* About this exercise *
Your output must be the lines below from the line containing "M.A. Ford - 19mm" to the line containing "Adaptador de auriculares", both lines included, reproduced exactly and without pictures.

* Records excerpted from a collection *

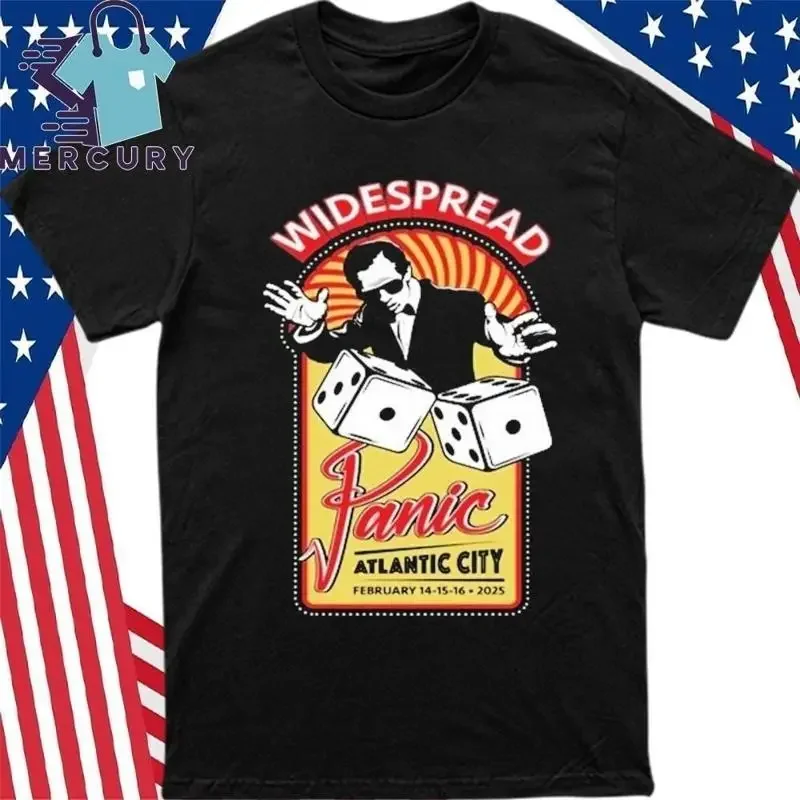 Widespread Panic Atlantic City 2025 T Shirt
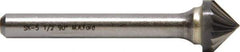 M.A. Ford - 19mm Cut Diam, 6mm Shank Diam, 90° Angle Tool Head Double Cut Burr - Carbide, Point End, 58mm OAL - Benchmark Tooling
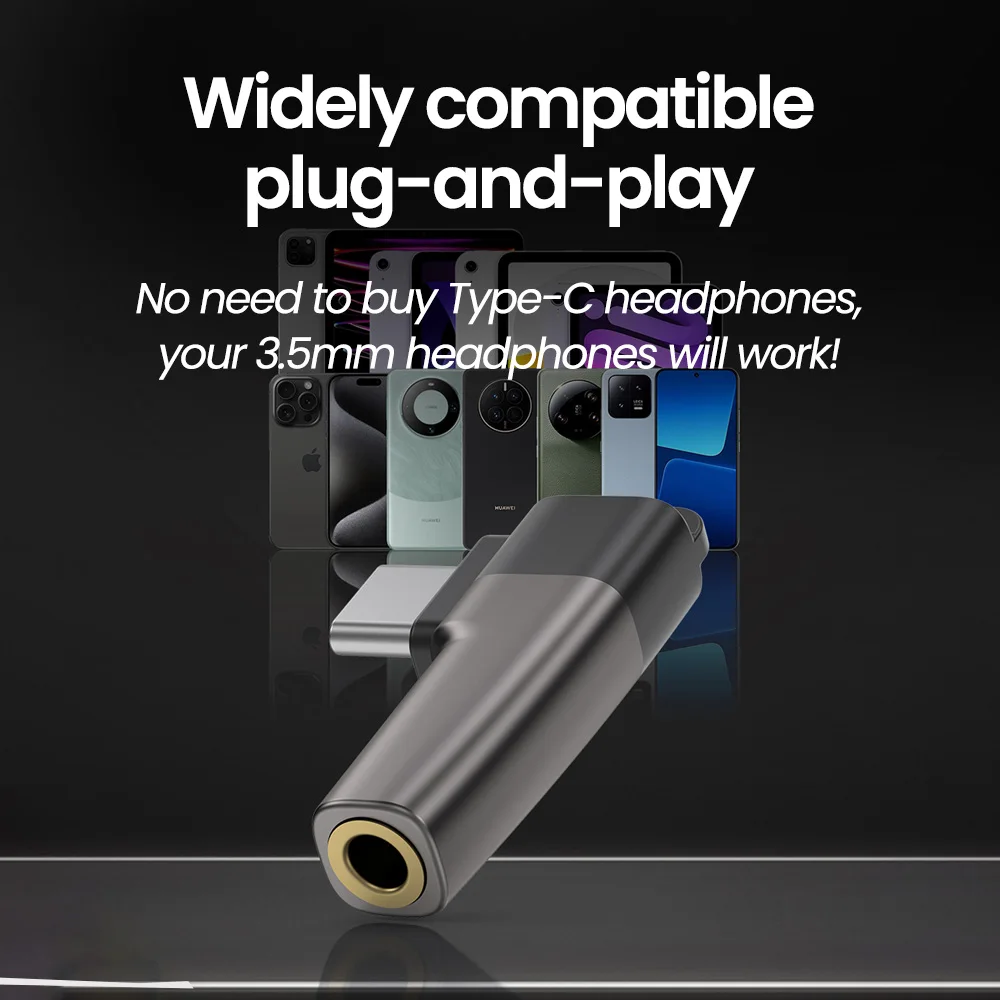 Adaptador de auriculares tipo C a 3,5 MM codo de 90 grados tipo C macho a conector de 3,5 MM convertidor de Audio para iPhone 15 16 conector Samsung - imagen 4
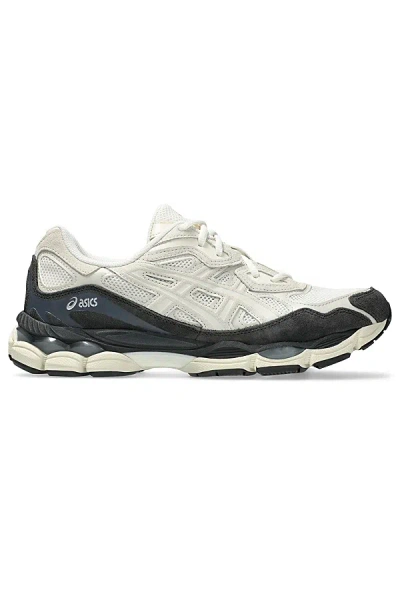 ASICS GEL-NYC SPORTSTYLE SNEAKERS IN WHITE/SMOKE GREY, WOMEN'S AT URBAN OUTFITTERS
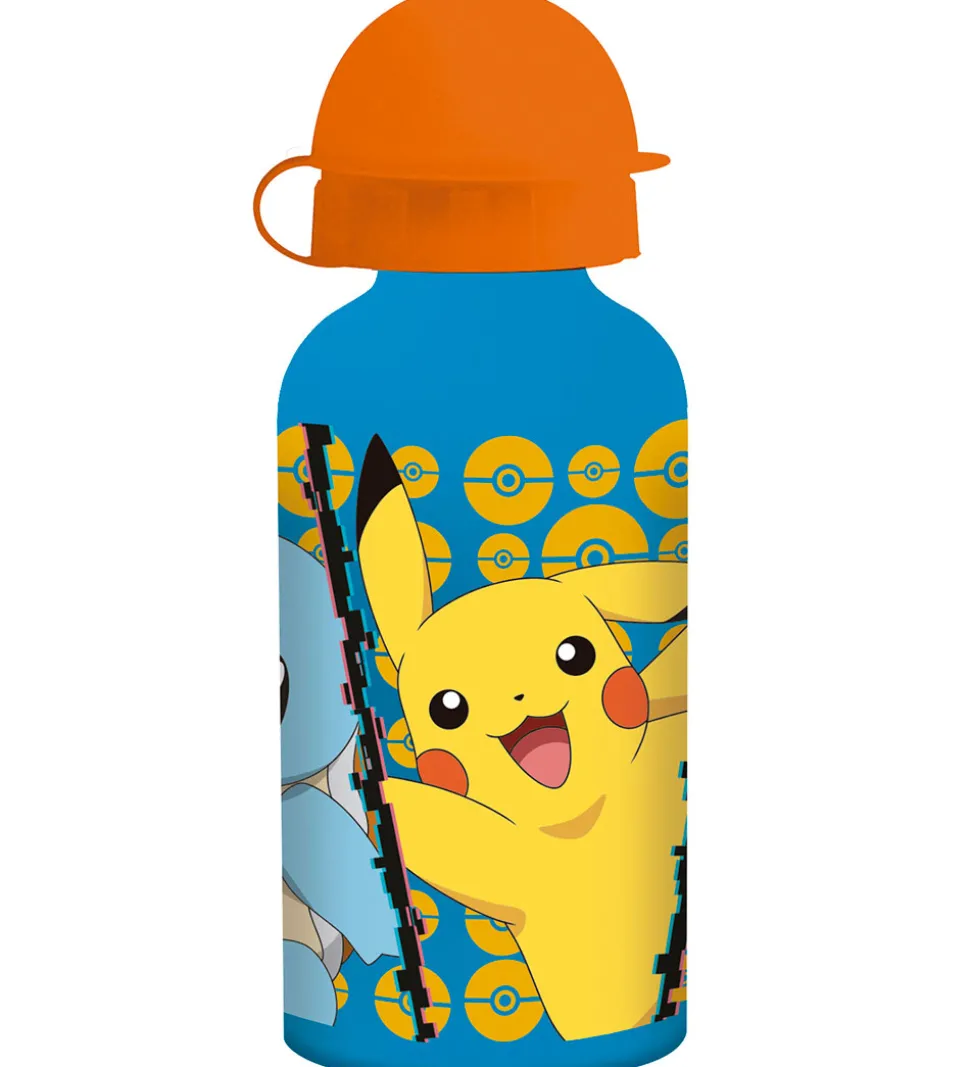 Pokémon - Drikkedunk - 400 ml - Aluminium - Blå/Gul m. Pikachu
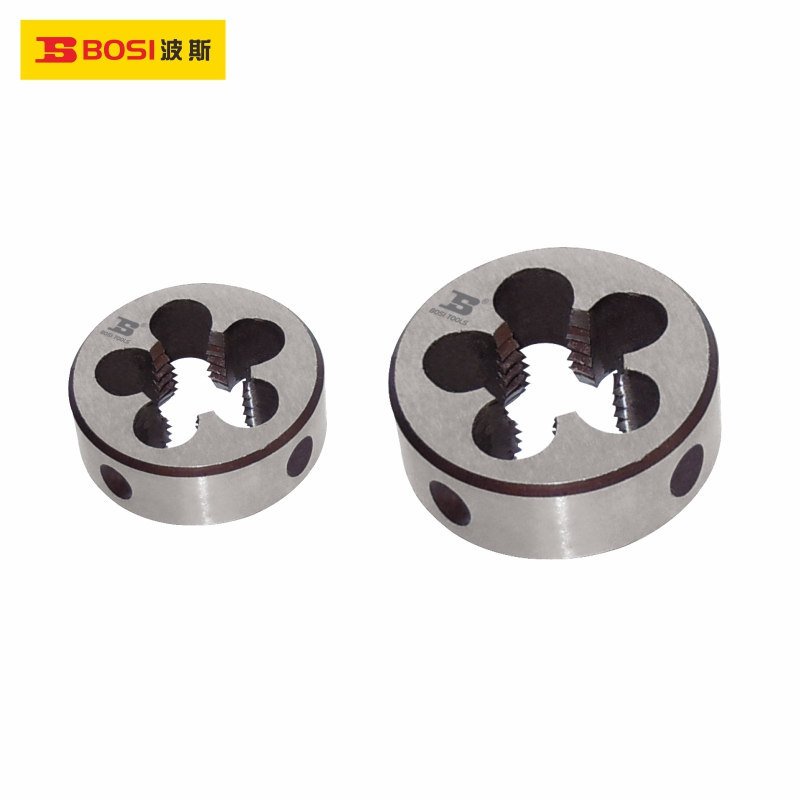 波斯工具合金钢圆板牙元板牙 丝锥板牙 M3-M24 BS531503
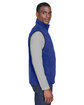 Harriton Adult 8 oz. Fleece Vest TRUE ROYAL ModelSide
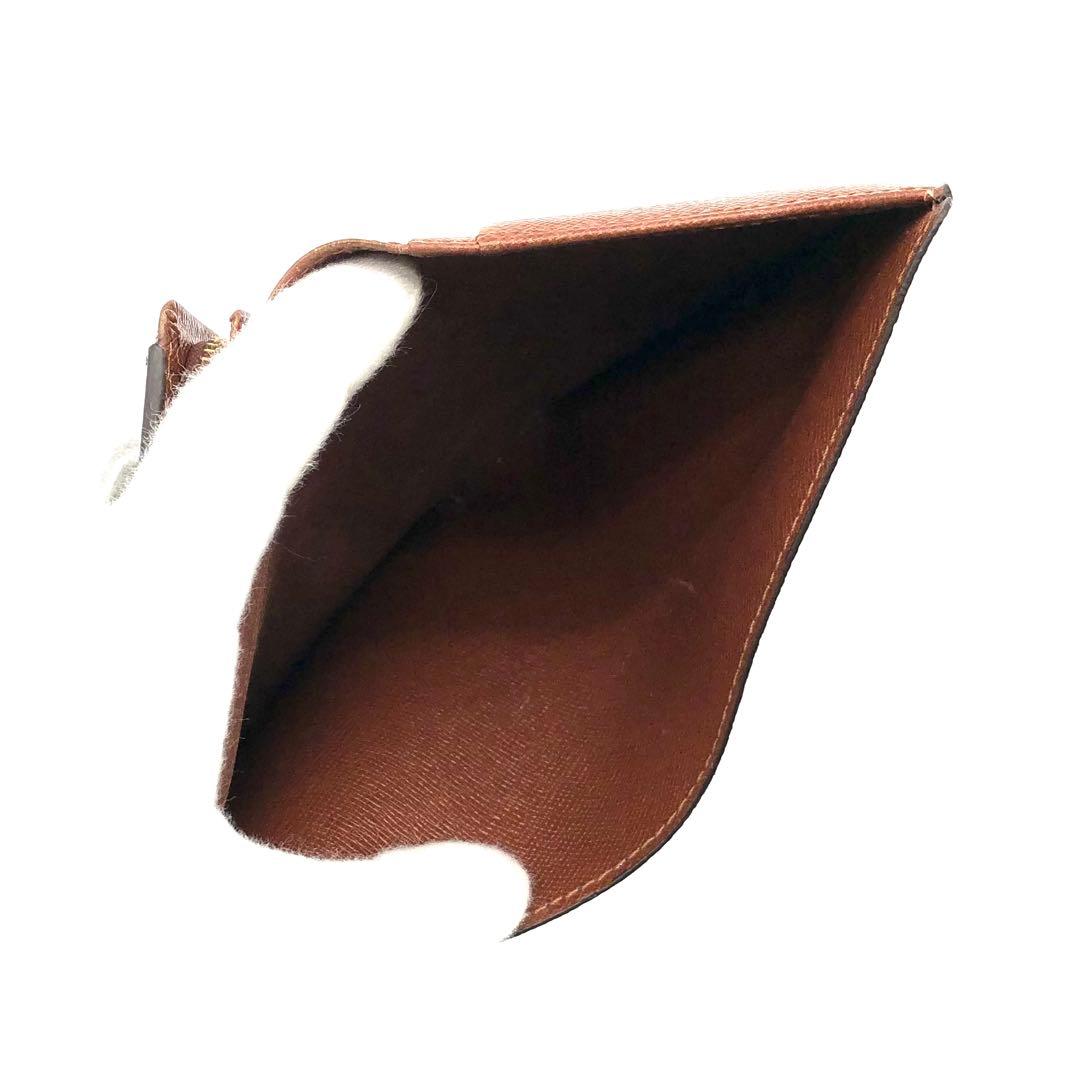 ルイヴィトン トレゾール モノグラム 二つ折り財布 ブラウン レディース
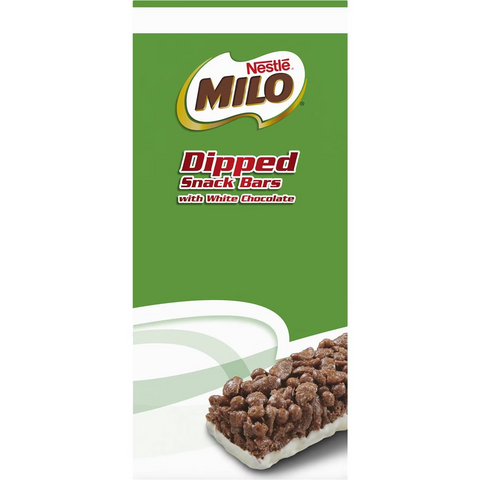 Nestle Milo Dipped Snack Bars With White Chocolate 10 Pack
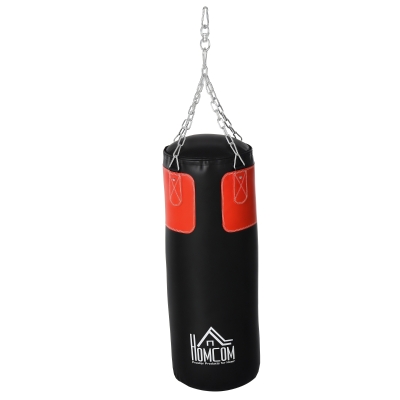 HOMCOM Set Sacco da Boxe per Adulti 120 cm con Guantoni e Ganci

* Answer section *
 M.A. Ford - 19mm Cut Diam, 6mm Shank Diam, 90° Angle Tool Head Double Cut Burr - Carbide, Point End, 58mm OAL - Benchmark Tooling
 Adaptador de auriculares tipo C a 3,5 MM codo de 90 grados tipo C macho a conector de 3,5 MM convertidor de Audio para iPhone 15 16 conector Samsung - imagen 4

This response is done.